- Task details
Find the line that contains "AK Neuschwanstein, Blick auf das Schloss" in the records below, then repeat exactly that line and each one after it, leaving pictures out.

Start of The records

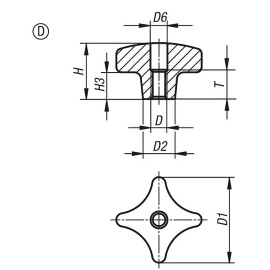 K0147 Ручки крестообразные DIN 6335 из чугуна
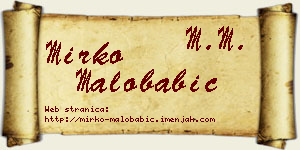 Mirko Malobabić vizit kartica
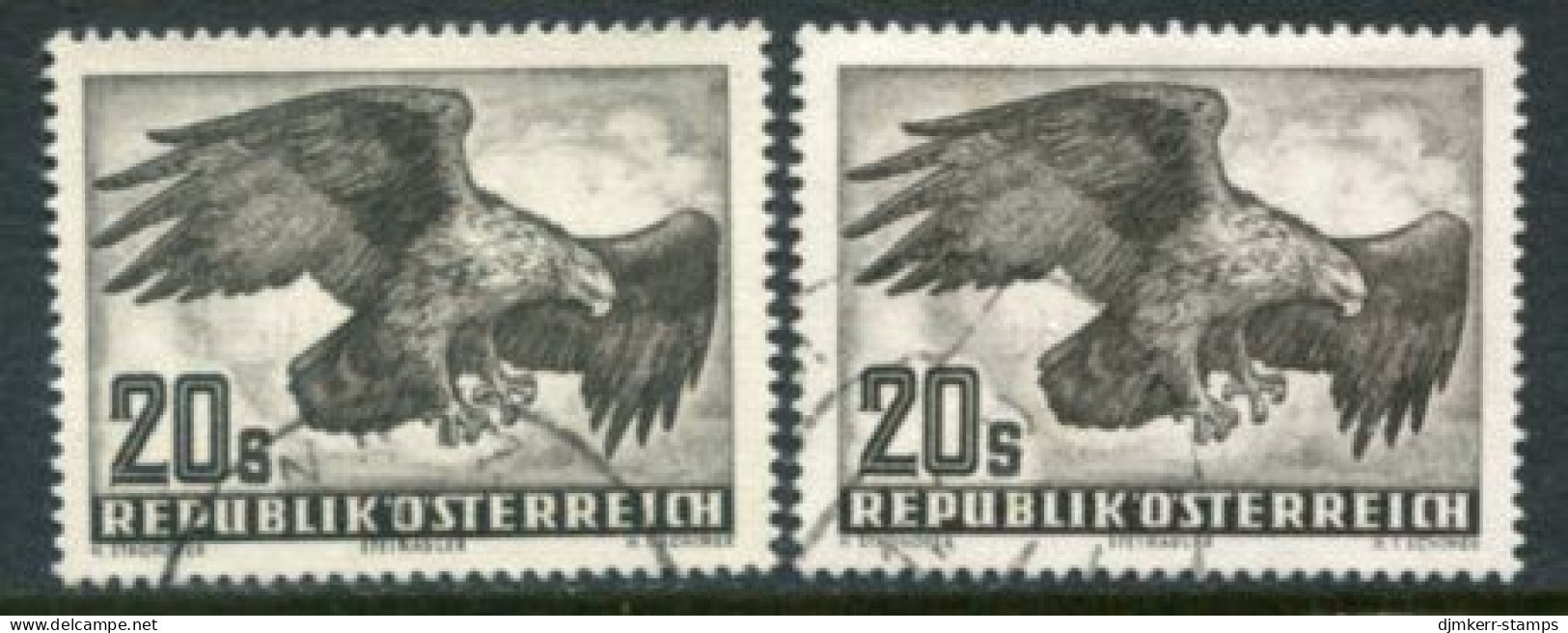 AUSTRIA 1952-59 Birds 20 S. On Both Papers Used.  Michel 968x,y - Gebruikt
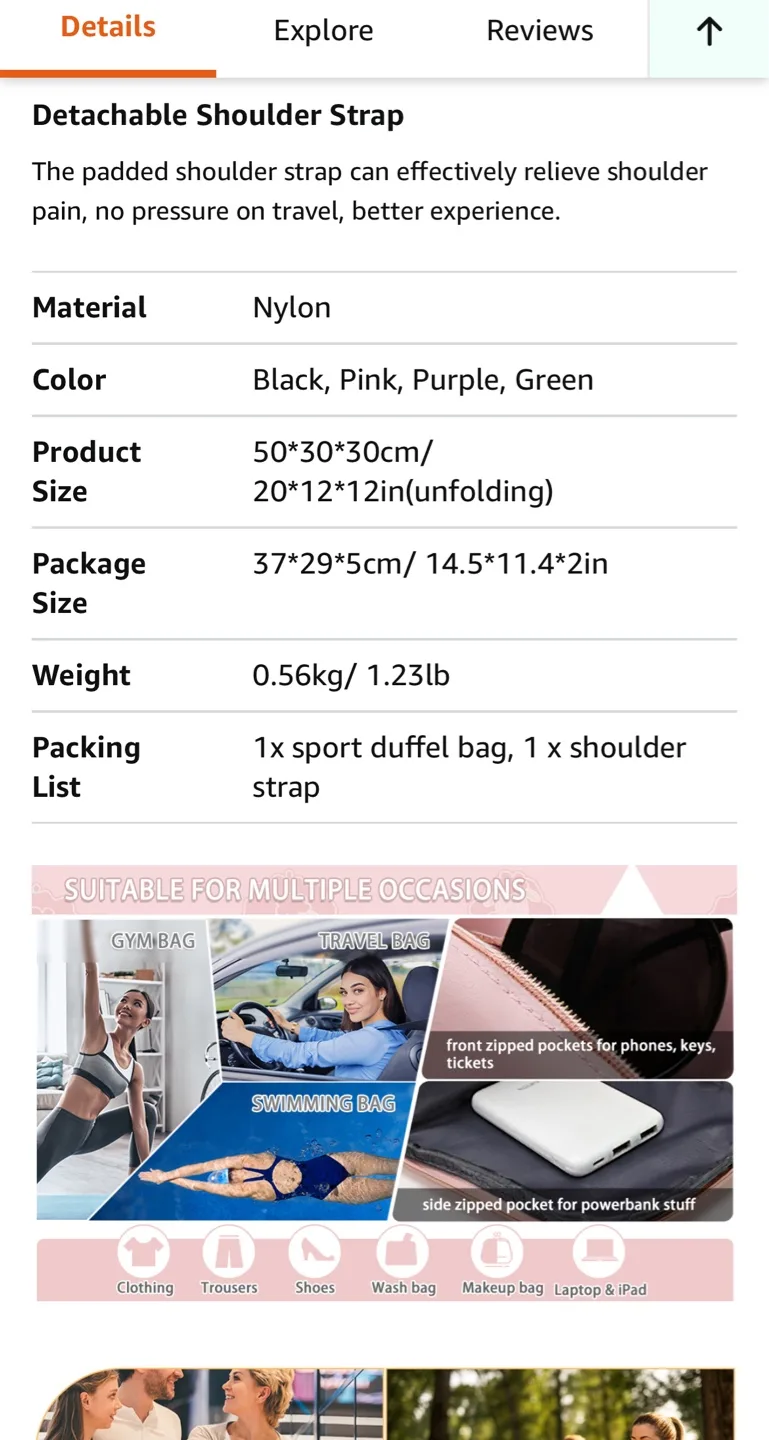 35L Dry/ Wet Separated Duffel Bag With Shoe Compartment image indicator(5)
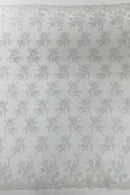 Floral Cluster Corded Fabric - White - Fancy Flower Embroidery Lace Mesh Fabric By Yard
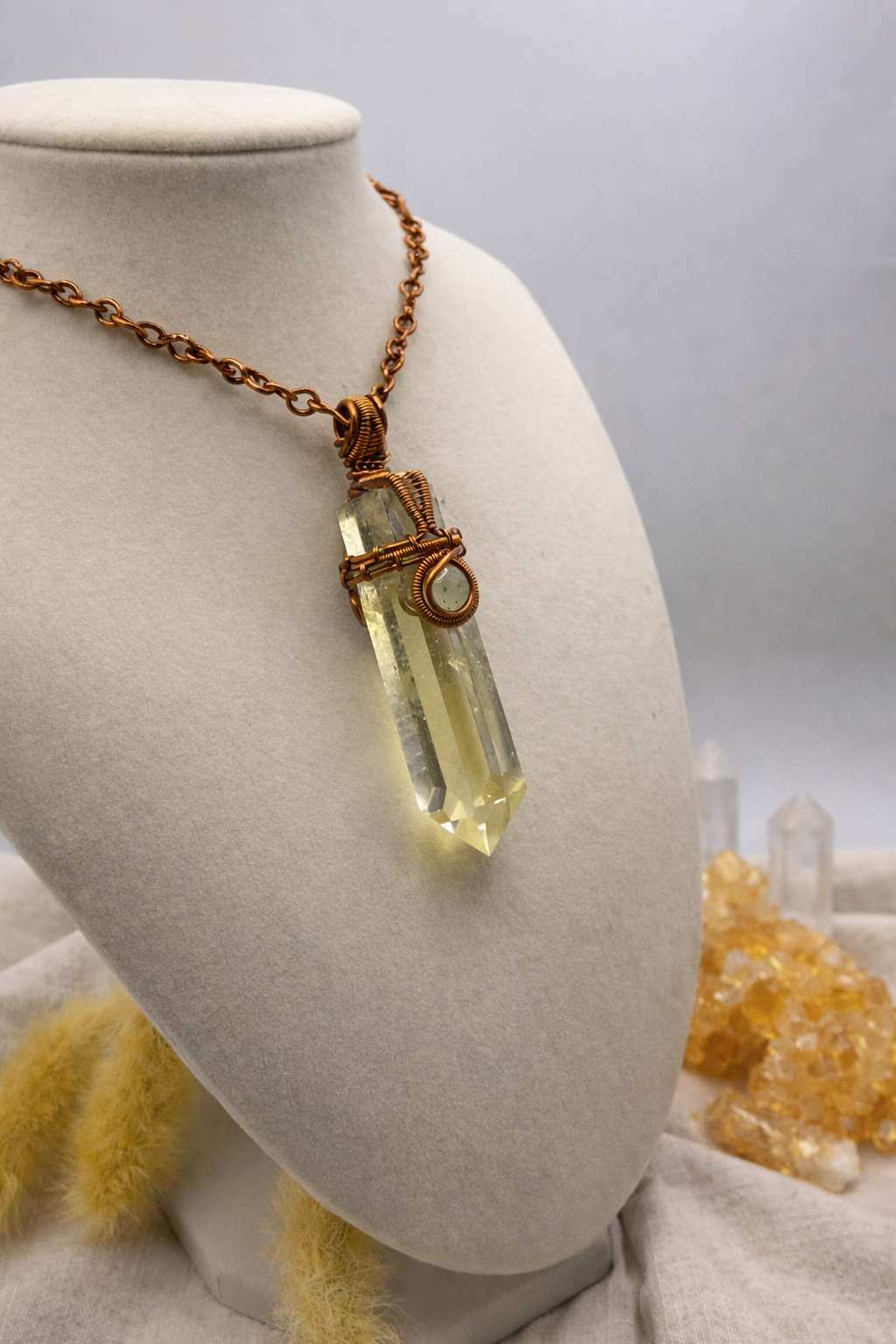Citrine Pendulum Necklace – Handmade with Love
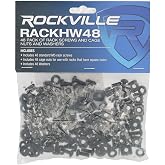 Rockville RACKHW48 48 Pack Rack Screws, Cage Nuts, and Washers, M5 | Fits Standard 19" Racks, Square Hole Compatible, Steel Construction, Server/Audio/AV Use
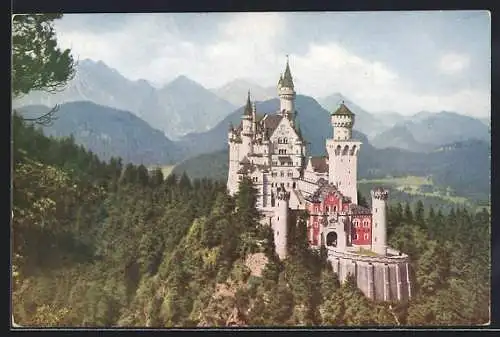 AK Neuschwanstein, Blick auf das Schloss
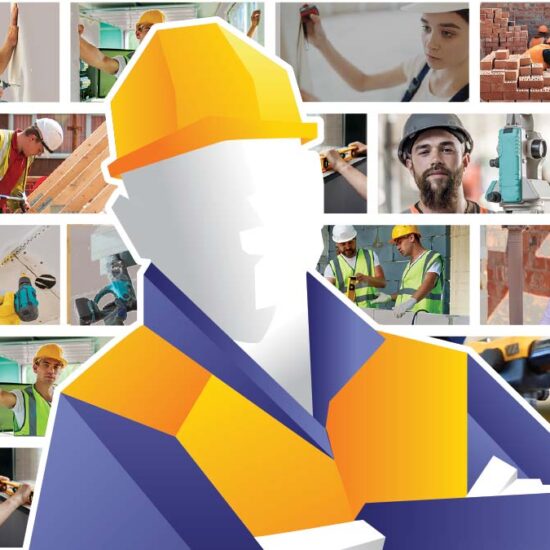 A brickwork collage of various construction workers in different trade roles and settings. With a large central graphic of a worker wearing a yellow hard hat and a high-visibility vest.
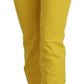 Dsquared² Yellow Cotton Mid Waist Flare Denim Trouser Jeans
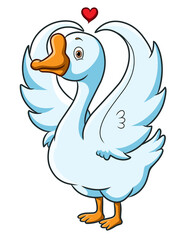 The cute swan is gesturing the love with the wings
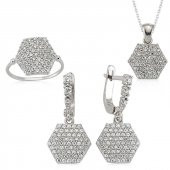 Gümüş Altıgen Bayan Set SL2293 thumbnail 1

End of The records

- Output for this task
 AK Neuschwanstein, Blick auf das Schloss
 A brickwork collage of various construction workers in different trade roles and settings. With a large central graphic of a worker wearing a yellow hard hat and a high-visibility vest.
 Dsquared² Yellow Cotton Mid Waist Flare Denim Trouser Jeans
 The cute swan is gesturing the love with the wings
 Gümüş Altıgen Bayan Set SL2293 thumbnail 1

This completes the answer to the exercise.